Elvira, Mistress of the Dark (1988)




"How's your head?"

"I haven't had any complaints yet…"

I love goth girls. I have a bit of a thing for them. Also, I love witty women. I have a thing for them, too. Elvira is, in fact, my dream woman, although perhaps one might venture to criticise her cooking skills. That's a plus before we even start. The fact that the film is extremely funny is an added bonus. Not bad for a film I'd barely heard of just a couple of weeks ago.

Just as a bit of a primer for my fellow non-Americans, Elvira (Cassandra Peterson) was a sort of Vampira for the 1980s, but with added irony and witticisms, a sort of Mystery Science Theater 3000, but with bigger boobs and, judging by the evidence of this film, a lot more wit. She's sexy, sassy, and looks fantastic with a really big gun.

We first see her in an LA television studio, commenting on a 1950s sci-fi B movie of exactly the type I've come to know a fair bit more in the recent weeks of this blog. It isn't long, though, before she loses the job and has to somehow raise $50,000 so that she can perform at Vegas. It's all rather unfortunate for her, but let's be fair; a film's gotta have a plot. And said plot soon throws up a rather well-timed inheritance over in less-liberal-than-expected Massachusetts, right on the opposite coast, meaning we get a brief but rather cool montage of Elvira travelling through America in the coolest car known to humanity.
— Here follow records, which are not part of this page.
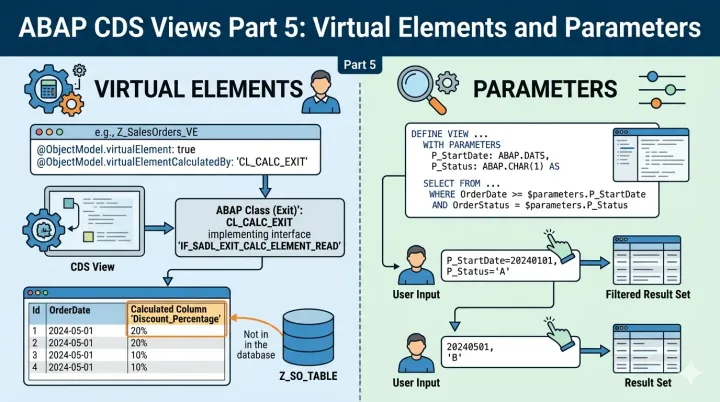 ABAP CDS Views Part 5: Virtual Elements and Parameters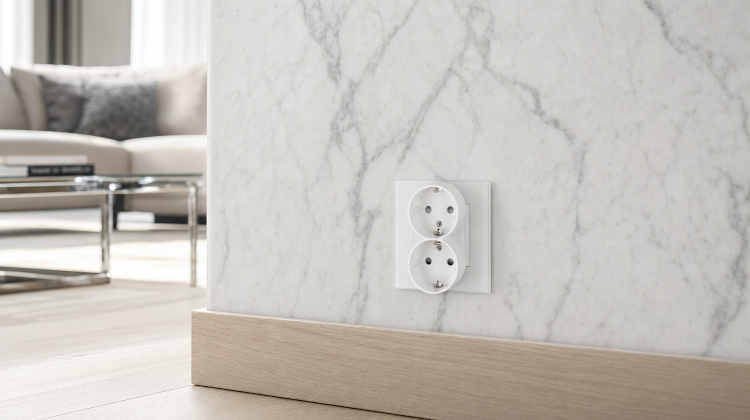 Dubbel Schuko-Stopcontact Glas Met Randaarde Zonder Aardpen Wit MIUUN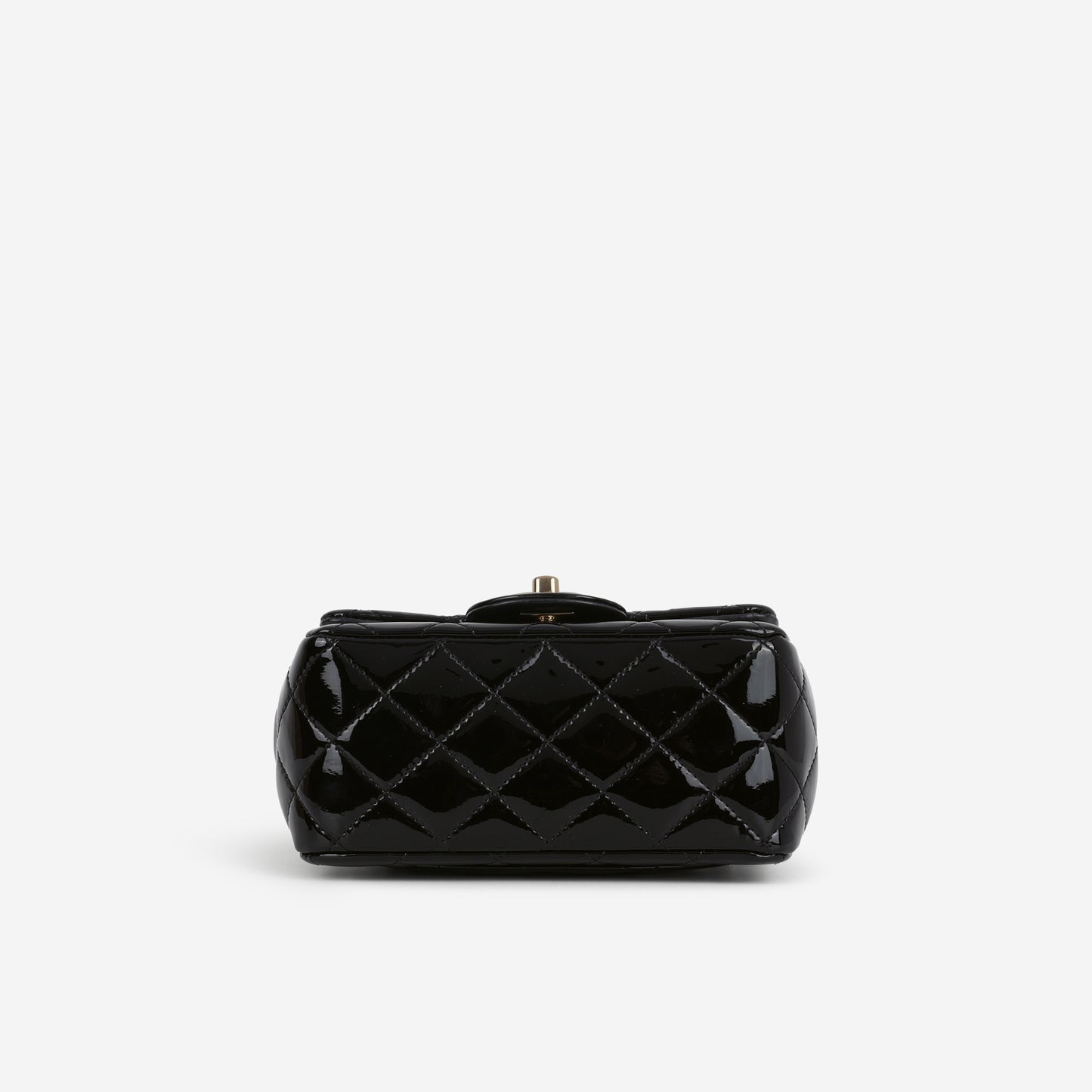 Chanel Classic Mini Flap Square - Black Patent | Champagne Gold Hardware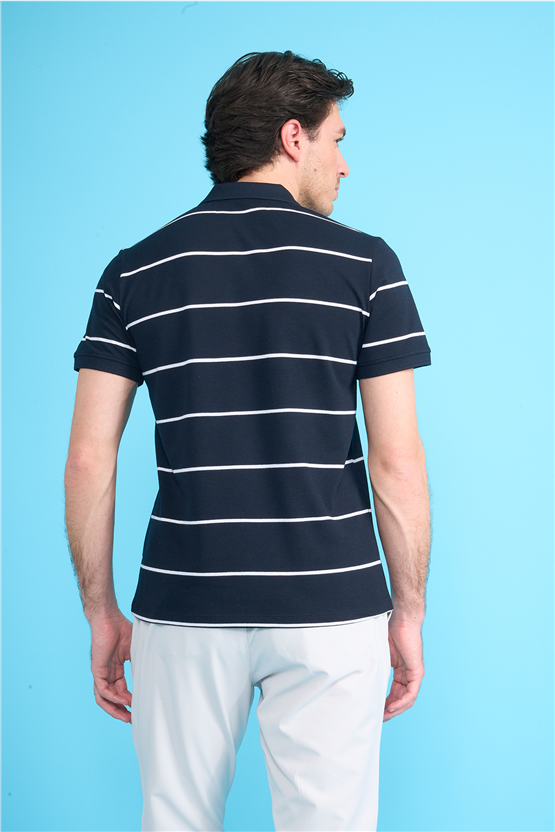 Çetinkaya Mentality 4554 Polo Yaka Regular Çizgili T-shirt Lacivert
When she arrives, though, she discovers a town full of the most horrible people imaginable, proper old-fashioned New England Puritans who are- in the phrase cheerfully stolen from H.L. Mencken by Elvira's bit on the side, Bob- terrified that someone, somewhere, might be having fun. So terrified, in fact, that the whole town is quite happy to burn Elvira as a witch without a trial or anything, in deference to good old Massachusetts tradition. It's all good fun, so I think perhaps we ought to gloss over the fact that it isn't 1692 any more, and the USA has a Constitution and everything now. It's an old-fashioned town.

Edie McClurg gives great ham as the delightfully boo-worthy Chastity Pariah, who is responsible for perhaps the most unlikely act of face-sitting in cinematic history. But we also get some pleasingly nefarious moustache twirling from the suitably evil W. Morgan Sheppard as Uncle Vinnie.

On top of this there are loads of naughty double-entendres and some fantastic, subtle sight gags, one of which involves the unfortunate placing of a letter "E", but my favourite was the group of kids toasting marshmallows at Elvira's witch-burning. There's even an issue of Amazing Spider-Man on screen with the cover, I believe, by the one and only Todd MacFarlane. We might not know a lot about Elvira on this side of the pond, but the film is well worth seeing and very, very funny.